• _To do_: Retype nothing but the lines from the start of the material up to and including the line with "Electric Mage Summoning". Pictures don't belong in the copy.
*** Input data ***
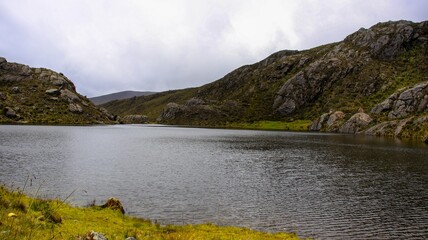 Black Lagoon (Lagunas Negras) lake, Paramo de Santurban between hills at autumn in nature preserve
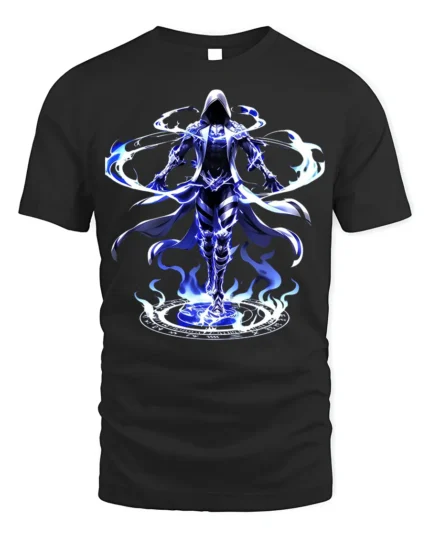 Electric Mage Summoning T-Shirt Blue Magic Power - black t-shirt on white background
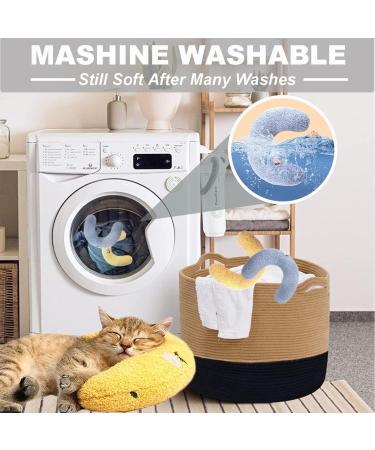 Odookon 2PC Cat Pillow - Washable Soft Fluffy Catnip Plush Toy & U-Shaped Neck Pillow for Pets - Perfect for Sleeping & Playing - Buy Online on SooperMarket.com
*** End of Input data ***
• _Task output_:
 Black Lagoon (Lagunas Negras) lake, Paramo de Santurban between hills at autumn in nature preserve
 Electric Mage Summoning T-Shirt Blue Magic Power - black t-shirt on white background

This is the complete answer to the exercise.